阮盼这一沉默,屋里就静了下来。绮年轻轻又戳了吴知霏一下:“看,表姐本来不怕的,都被你说怕了。难道永安侯府有老虎吗?”
众人正要笑呢,忽然听见外头一阵哭喊声,顷刻就到了门口,卧雨和飞虹连忙去看,刚打起帘子,就有人披头散发地一头冲进来,不偏不倚撞在飞虹怀里,险些将她撞倒。阮盼打眼一看,立时沉了脸:“苏姨娘,你这是做什么!”
苏姨娘一脸的眼泪,头发散得不成样子,推开飞虹就往地上跪:“大姑娘,大姑娘求你高抬贵手。今儿你好日子,别冲了你的喜气,就抬抬手叫夫人放了我娘家嫂子罢。”

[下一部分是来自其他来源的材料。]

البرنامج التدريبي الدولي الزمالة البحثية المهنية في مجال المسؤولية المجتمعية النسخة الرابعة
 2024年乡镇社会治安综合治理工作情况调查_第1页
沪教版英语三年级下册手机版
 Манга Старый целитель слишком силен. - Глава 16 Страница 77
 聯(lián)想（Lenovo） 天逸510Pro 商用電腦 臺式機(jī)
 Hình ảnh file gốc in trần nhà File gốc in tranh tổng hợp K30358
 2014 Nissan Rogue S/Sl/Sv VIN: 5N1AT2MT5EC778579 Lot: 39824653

阮盼顿时黑了脸,冷冷道:“苏姨娘,难得你还记得今儿是我的好日子,你就这般披头散发的冲到我屋里来,这时倒不怕冲了喜气了?来人!跟着苏姨娘的那两个丫头呢?”
苏姨娘身边伺候的两个丫头名唤青袖红袖,方才在外头不敢进来,这时候听阮盼叫了,才敢掀帘子逡巡着进来:“大姑娘——”
阮盼看都不看她们:“飞虹,把管事的叫来,这等连伺候主子都不会的丫头留着何用?捆起来,明日全部发卖了!”
这下青袖红袖吓得魂飞天外,扑通一声全部跪倒:“大姑娘饶命,大姑娘饶命啊!实在是太太方才叫人捆了姨娘的娘家嫂子,姨娘才来求大姑娘的。”
阮盼出嫁当天还要理这些破事,一面埋怨母亲处理不当,先是不该随便捆人,若真捆了,便该看住了苏姨娘,怎能容她冲到自己面前来嚎哭;二是暗恨苏姨娘仗着有儿子,竟敢今日来打自己的脸。此时已经怒极,面上却丝毫不露出来,只淡淡笑道:“原来在你们眼中看来,姨娘的娘家嫂子竟比今日这等大事还要要紧,好得紧,真是忠心护主的好丫头。”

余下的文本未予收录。